Kristy Foster Seachrist lives in Columbiana County raising sheep and horses. She earned her degree from Youngstown State University and has worked in both print and broadcast journalism. You can follow her on Twitter at http://twitter.com/fosterk96. More Stories by Kristy Foster Seachrist

6 Comments

  1. Kim says:

    http://www.facebook.com/pages/Barnesville-Livestock/118637284827044

    Please go to FB for the latest updates on Barnesville Livestock. We are family owned and operated business. We would love to hear from our supporters. Thank you for your kindness and generosity as we work through this last bump in the road.

  2. okiestorm1 says:

    i have had nothing but GOOD results from this auction,,it seems they have goten things taken cared of. this is a very good place to sell and buy animals,,family oriented,nice people and i for one trust them.

  3. exchanter says:

    It is a shame that the government goes after the good guy in this story. I knew the guy from Missouri that caused all of this to happen and he has hurt many livestock producers. The Watson Family have done everything that they can do to prevent this from happening again, but sadly there will be another Garrett trying to make a fast buck. Barnesville Livestock is needed in southeastern Ohio, it’s our turn to help the Watson Family make it in belmont County!

  4. Tom T says:

    It is a shame that the Grain Inspection Packers and Stockyards Administration (GIPSA) has been so neutered that they have to go after the small players in this manner while the big fish swim safely. Custodial Accounts have been a big problem in the past but in this case GIPSA should help small barns in how to avoid that problem with their customer checks clearing than regulatory punishment. Leave that for the big fish. It will never happen as the big fish have the elite paid off to leave them alone.

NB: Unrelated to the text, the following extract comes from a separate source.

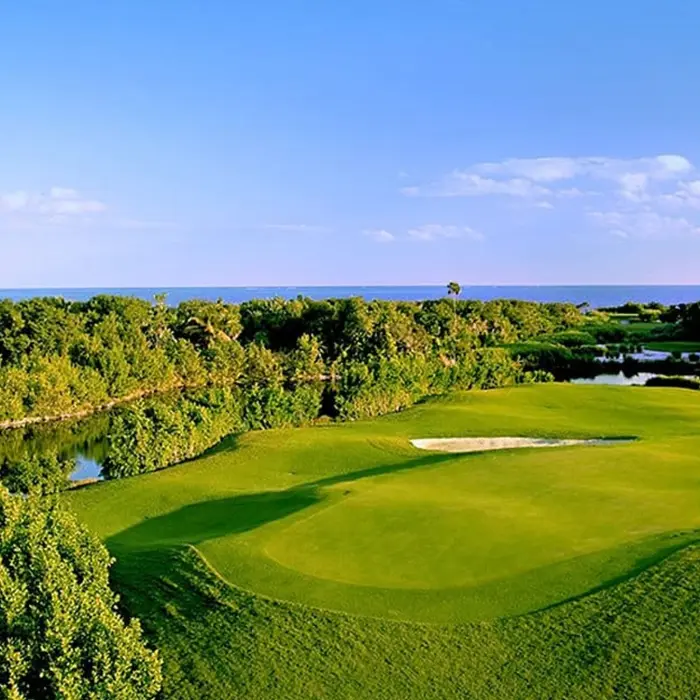 A beautiful elevated view of a golf green at Riviera Cancún Golf Club, bordered by sand bunkers and surrounded by lush tropical jungle and tranquil lakes under a blue sky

    If the only deceptive practice GIPSA can enforce is custodial account problems then on the little players then the this regulatory agency will not live up to the law it is supposed to be enforcing so families are treated fairly in the market place.

    What a shame, elite politicians, for castrating an agency such as GIPSA to be another non effective government bureaucracy. It is just another fake for the public’s eye while the larger economic issues of market power abuse go unchallenged.

    I guess we have the best Congress money for selling out yet another government agency.

    Tom T.

  5. Brian W says:

    Southeast Ohio is very lucky to have the Watson Family running Barnesville Livestock. There have been many improvements to the sale since they took over and it is a quality operation. It is a tremendous asset for the majority of area farmers that work off farm jobs to be able to market livestock locally, and on a Saturday, close to home. The Watsons are honest hardworking people who have provided a community service for not just Barnseville, but the surrounding counties. I look forward to the sale re-opening April 7. I wish the best of luck to B.L.

  6. Barn Owner says:

    I am sorry but none of you know what you are talking about. We have gone through the same problem and the Packers and Stockyards act is there to protect the customers. If you don’t know how to manage your accounts properly they should fine you and you never allow people that are not bonded and have not paid for the animals to take the animals from place. Use your common sense, especially when its several hundred thousand dollars and your butt on the line. You know the laws, follow them.